I am investigating mtDNA damage using a doxycycline-inducible cell line. The idea is to study this process at different timepoints, however, it only works fine until more or less 24 h post induction. Usually I start the experiment when the plates are 60-80% confluent (for the timepoints - 2, 4, 8 and 24 h). To be able to study further timepoints (48 and 72 h) I inoculated the plates with half the amount of cells. After induction I added doxycycline (and inhibitors when relevant) every 24 h (for 48 and 72 h timepoints).

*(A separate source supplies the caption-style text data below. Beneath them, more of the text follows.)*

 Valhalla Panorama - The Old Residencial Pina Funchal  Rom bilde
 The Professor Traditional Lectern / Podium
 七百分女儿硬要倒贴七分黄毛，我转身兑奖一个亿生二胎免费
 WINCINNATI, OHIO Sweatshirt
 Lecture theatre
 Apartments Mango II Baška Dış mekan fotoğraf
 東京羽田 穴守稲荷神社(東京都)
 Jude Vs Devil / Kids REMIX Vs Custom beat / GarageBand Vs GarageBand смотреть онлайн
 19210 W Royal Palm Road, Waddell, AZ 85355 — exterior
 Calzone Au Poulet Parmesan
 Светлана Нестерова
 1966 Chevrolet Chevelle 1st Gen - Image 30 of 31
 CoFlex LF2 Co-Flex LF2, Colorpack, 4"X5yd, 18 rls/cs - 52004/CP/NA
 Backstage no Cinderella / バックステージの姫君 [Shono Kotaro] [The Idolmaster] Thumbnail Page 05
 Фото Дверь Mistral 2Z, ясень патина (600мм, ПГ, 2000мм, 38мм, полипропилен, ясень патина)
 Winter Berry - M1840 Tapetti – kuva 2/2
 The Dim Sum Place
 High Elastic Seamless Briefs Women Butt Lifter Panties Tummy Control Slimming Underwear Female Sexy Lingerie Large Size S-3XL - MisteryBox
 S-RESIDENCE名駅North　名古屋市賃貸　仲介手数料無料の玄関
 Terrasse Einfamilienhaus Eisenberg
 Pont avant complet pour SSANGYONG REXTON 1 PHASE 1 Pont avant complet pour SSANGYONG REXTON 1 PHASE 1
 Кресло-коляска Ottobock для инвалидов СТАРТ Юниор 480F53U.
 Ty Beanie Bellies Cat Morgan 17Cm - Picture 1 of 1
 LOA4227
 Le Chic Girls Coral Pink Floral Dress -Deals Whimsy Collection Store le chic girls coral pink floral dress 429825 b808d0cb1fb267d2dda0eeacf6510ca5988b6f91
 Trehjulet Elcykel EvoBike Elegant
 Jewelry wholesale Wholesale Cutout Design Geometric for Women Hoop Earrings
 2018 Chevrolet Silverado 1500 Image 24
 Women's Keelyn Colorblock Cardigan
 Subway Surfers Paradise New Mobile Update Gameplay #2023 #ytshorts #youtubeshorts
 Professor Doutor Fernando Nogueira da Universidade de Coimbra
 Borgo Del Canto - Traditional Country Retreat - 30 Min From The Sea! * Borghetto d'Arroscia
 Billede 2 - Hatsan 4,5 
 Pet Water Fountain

The results are very inconsistent and we commonly see is an confluence-dependent increase in the amount of protein of interest.
I am wondering what would be the best way to deal with experimental design. What is the best confluence to begin with for the time-course treatment, how to split the cells to receive consistent results for further time-points. Should the doxycycline and inhibitors be added? How long do they remain active?
Any suggestions in these matter would be of great value.
Since your experiment is a Toxicological analysis on cells, it is very important to determine and identify a suitable subculture protocol. MOreover, characterization of cells is a must. Once, if you understand the cell's behaviour, you must perform volume and concentration based titrations with the chemical of interest on various cell densities to determine appropriate cell seeding. Once seeding is established, different end point analysis must be performed at various confluence levels (observational & experimental) of that particular cell seeding.
Always note that, the visual microscopic observation (observational) of cell confluence may not match with the actual cell yield (experimental).
Once all these standardization is validated by obtaining reproducibility and reliability with triplicated experiments.. It is the time to start real experiment.